I can't relax in her company as I feel as though I constantly walk on eggshells to try and avoid triggering her anger at me. I honestly feel as though I am in an emotionally abusive relationship and it's killing me. Trying to get the right help for her has been and continues to be a nightmare. I have been try to set clear boundaries and have not been able to run errands for her lately due to my poor mental health. This has resulted in her emotionally blackmailing me and telling me to f@@@ off in a message. She will not apologize for this and is now ignoring me...
A motto here from years past is "Facing the Facts". To summarize your post, your daughter is disordered and acting out (harming others even more than herself) and you find yourself in an increasingly impossible situation.
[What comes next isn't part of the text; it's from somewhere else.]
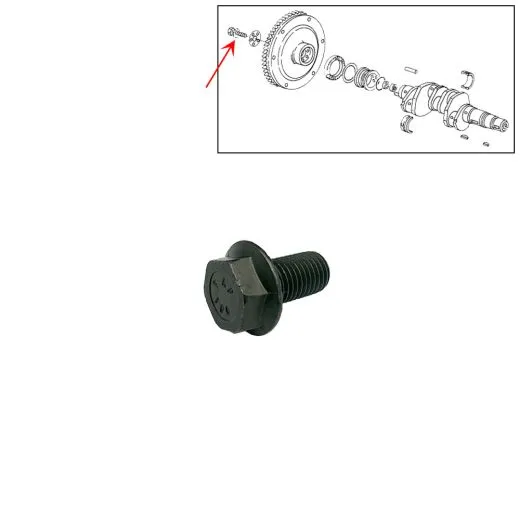 VW Bus T2 T3 Schwungradschraube 1,7-2,0 LBX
Well, think for a moment you're about to start an airplane flight. What does the cabin attendant say? "In the event of an emergency, put on your oxygen mask before helping others." This instruction give you the right to take care of your own needs first or else you won't be able to deal much more with your demanding and disrespectful daughter.
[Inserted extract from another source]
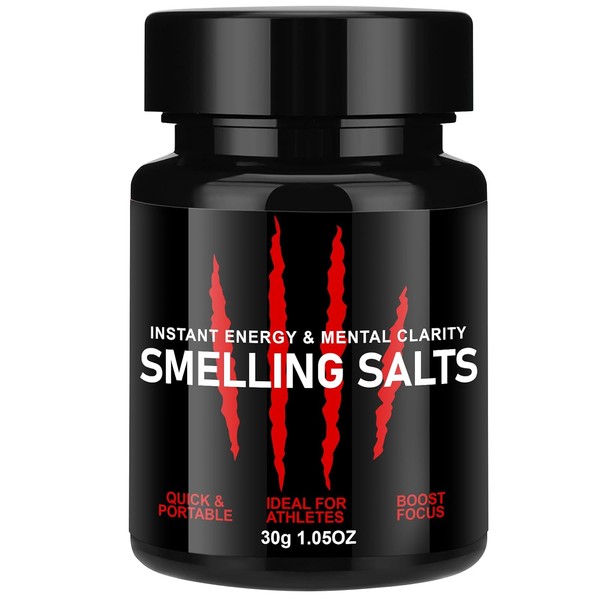 Enhanced Focus & Explosive Force, Potent Salts Wake Up for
People with BPD traits (pwBPD) are known to resist boundaries. So what we encourage here is that
Boundaries are by us and for us, that is, how you
respond to the other's poor behavior.
For more information, we have a couple Boundaries topics, among many others, on our
Tools & Skills workshops board.
Meanwhile, as you gain insight and education here in peer support and perhaps too in local counseling for yourself, you may have to temporarily step back from involving yourself as much in your daughter's chaos.